The Geforce RTX 3090 should end up with 5248 CUDA cores and 24GB of 19.5Gbps GDDR6X memory on a 384-bit memory interface, leaving it with a maximum bandwidth of 936GB/s. As detailed earlier and confirmed by Nvidia in its recent teaser, it will use the new 12-pin power connector, or two 8-pin PCIe power connectors, which should be enough to cover the 350W TGP.
The Geforce 3080 cuts the CUDA core number down to 4352 and comes with 10GB of 19Gbps GDDR6X memory on a 320-bit memory interface, which leaves it with a maximum bandwidth of 760GB/s. There is also a possibility that Nvidia AIC partners could come up with a 20GB version but this one is coming at a later date. The RTX 3080 also comes needs two 8-pin power connectors as it has a TGP of 320W.

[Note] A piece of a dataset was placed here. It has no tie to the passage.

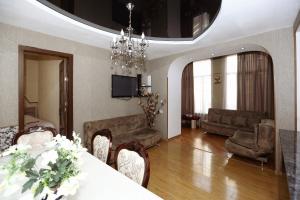 un soggiorno con tavolo, sedie e divano di Lela Apartments a Tbilisi City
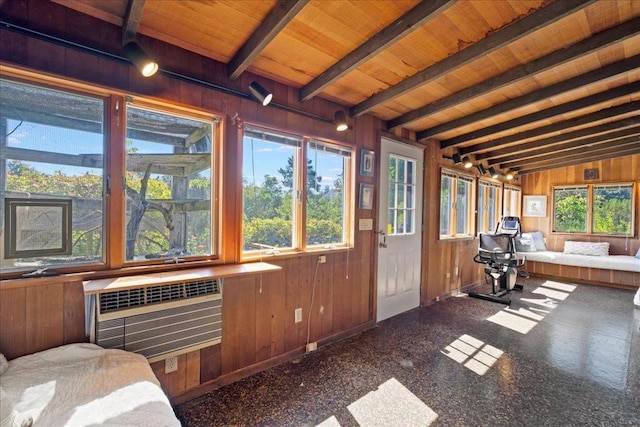 sunroom featuring lofted ceiling with beams, an AC wall unit, and wooden ceiling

The Geforce RTX 3070, could launch by the end of next month, and it is still not clear how much did Nvidia cut down that GA104 GPU, but most rumors point to a 46 SMs or 2944 CUDA cores. It should end up with 8GB (16GB SKUs are possible) of 16Gbps GDDR6 memory on a 256-bit memory interface, leaving it with 512GB/s memory bandwidth. It has a TGP of 220W.
There is bound to be more leaks as we draw closer to the special Nvidia Geforce Anniversary event, scheduled for September 1st.